Wie aber misst man einen Wald aus? «Wir senden von einem Flugzeug oder einem Satelliten elektromagnetische Signale auf die Erde, und je nachdem, auf welche Struktur diese treffen, kommt ein unterschiedlich starkes Signal zurück», erklärt die 45-jährige Expertin das Prinzip. Anhand der Stärke und der Weglänge des empfangenen Signals kann sie Höheninformationen errechnen, so die Höhe der Baumwipfel. «Um die Masse des Waldes zu errechnen, braucht es aber auch Informationen zur Höhe des Waldbodens und damit elektromagnetische Wellen, die durch den Wald bis zum Boden eindringen», erklärt Hajnsek weiter, die an zwei Satellitenmissionen als wissenschaftliche Koordinatorin beteiligt ist.

Die letzte Mission startete 2012 und heisst «TanDEM-X». Während das Wort Tandem im Projektnamen auf die zwei Satelliten verweist und DEM für Digitales Geländemodell steht, steht das X für die Länge der Radarwellen von drei Zentimetern. Mit den Daten erstellen die Forschenden ein globales digitales Geländemodell mit einer Genauigkeit im Meterbereich. «Ein einheitliches Höhenmodell für den ganzen Globus – das gibt es bis anhin noch nicht», vermerkt Hajnsek mit einem Anflug von Stolz. «Dieses Höhenmodell kann dann von Wissenschaftlern weltweit genutzt werden, um beispielsweise Kartenmaterial herzustellen, aber es dient auch als Basis für viele andere Fragestellungen.»

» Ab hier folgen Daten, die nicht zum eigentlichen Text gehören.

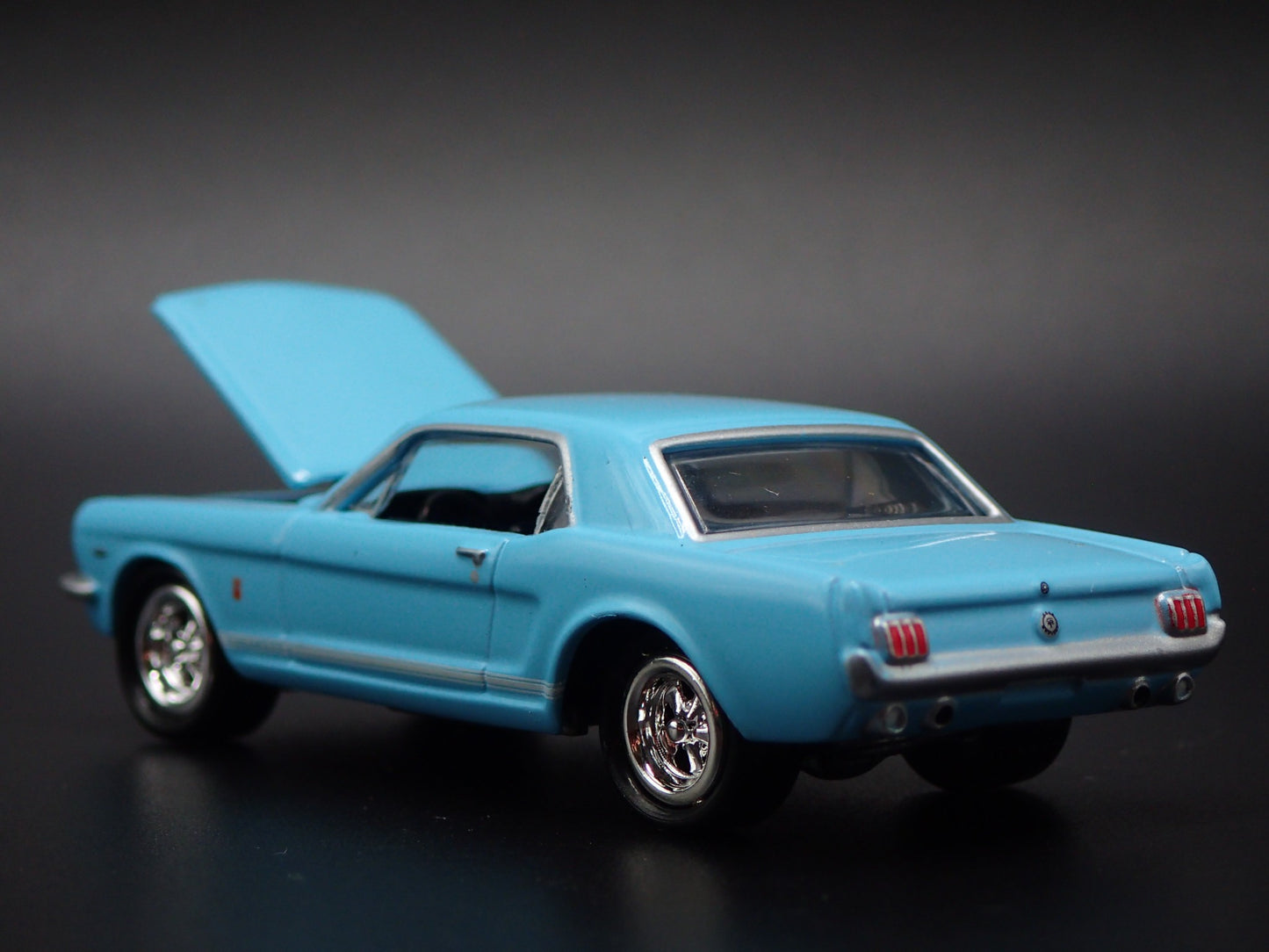 1965 65 FORD MUSTANG COUPE RARE 1:64 SCALE COLLECTIBLE DIORAMA DIECAST MODEL CAR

Allerdings sind die Wellenlängen im X-Band zu kurz, um dichten Wald zu durchdringen und den Boden zu erreichen. «Für diese Aufgabe steht uns das L-Band mit 23 Zentimetern oder ein P-Band mit 80 Zentimetern Wellenlänge zur Verfügung.» In Deutschland liegt bereits der Vorschlag für die Tandem-L-Mission vor, an der sich auch die japanische Raumfahrtagentur beteiligen will. Die Idee ist auch hier, die Biomasse zu vermessen, und zwar mehrmals jährlich, um den Einfluss der Jahreszeiten zu berücksichtigen. Allerdings sei die Finanzierung noch nicht ganz gesichert, sagt Hajnsek, die auch bei diesem Projekt beteiligt ist.

Die ESA hat für das eingangs erwähnte Biomass-Projekt entschieden, zum ersten Mal Messungen vom Weltraum aus mit einem P-Band-System zu machen. Deshalb sind nun Tests angesagt. «In Schweden haben wir den im Norden typischen borealen Wald untersucht und in Deutschland den temperaten Wald», erzählt Hajnsek. «Was nun noch fehlt, sind die Wälder der Tropen, also der sehr dichte tropische Regenwald, die Mangrovenwälder und die Savannenwälder». Die wird sie Anfang nächstes Jahr in Gabun messen.